فَذٰلِكَ الَّذِيْ يَدُعُّ الْيَتِيْمَۙ

Tafsir Ringkas Kemenag

Jika engkau ingin tahu, maka para pendusta agama, hisab, dan hari pembalasan itulah orang yang menghardik anak yatim, menyakiti hatinya, dan berbuat zalim kepadanya dengan menahan haknya. Dia tidak lagi peduli terhadap anak yang sudah kehilangan tumpuan hidupnya itu.

Tafsir Tahlili

Allah lalu menjelaskan bahwa sebagian dari sifat-sifat orang yang mendustakan agama ialah orang-orang yang menolak dan membentak anak-anak yatim yang datang kepadanya untuk memohon belas-kasihnya demi kebutuhan hidupnya. Penolakannya itu sebagai penghinaan dan takabur terhadap anak-anak yatim itu.

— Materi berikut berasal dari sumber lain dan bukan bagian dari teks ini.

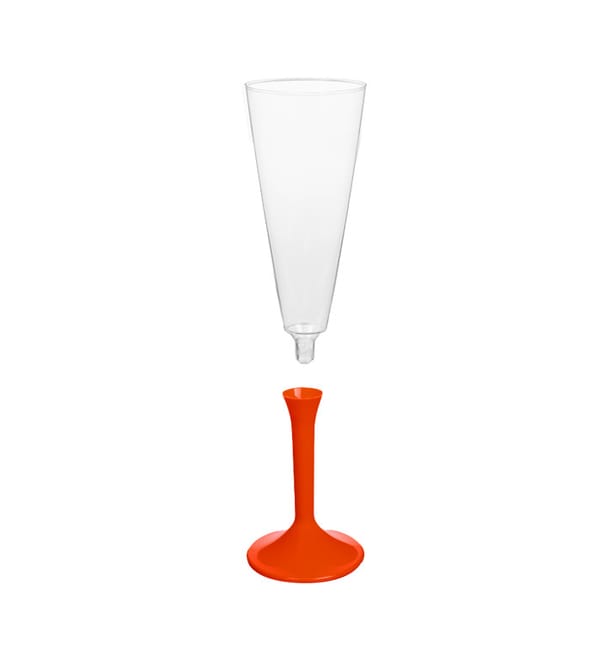 Copa de Plastico Cava con Pie Rojo 160ml (20 Uds) Copa de Plastico Cava con Pie Rojo 160ml (20 Uds)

وَلَا يَحُضُّ عَلٰى طَعَامِ الْمِسْكِيْنِۗ

Tafsir Ringkas Kemenag

dan dia tidak mendorong orang lain untuk memberi makan orang miskin yang tidak mempunyai kecukupan untuk memenuhi keperluan hidupnya sehari-hari. Bila dia enggan mendorong orang lain untuk memberi makan dan memperhatikan kesejahteraan anak yatim, bagaimana mungkin dia, dengan kekikiran dan kecintaannya pada harta, mendorong dirinya sendiri untuk berbuat demikian?

Tafsir Tahlili

Allah menegaskan lebih lanjut sifat pendusta itu, yaitu dia tidak mengajak orang lain untuk membantu dan memberi makan orang miskin. Bila tidak mau mengajak orang memberi makan dan membantu orang miskin berarti ia tidak melakukannya sama sekali. Berdasarkan keterangan di atas, bila seorang tidak sanggup membantu orang-orang miskin maka hendaklah ia menganjurkan orang lain agar melakukan usaha yang mulia itu.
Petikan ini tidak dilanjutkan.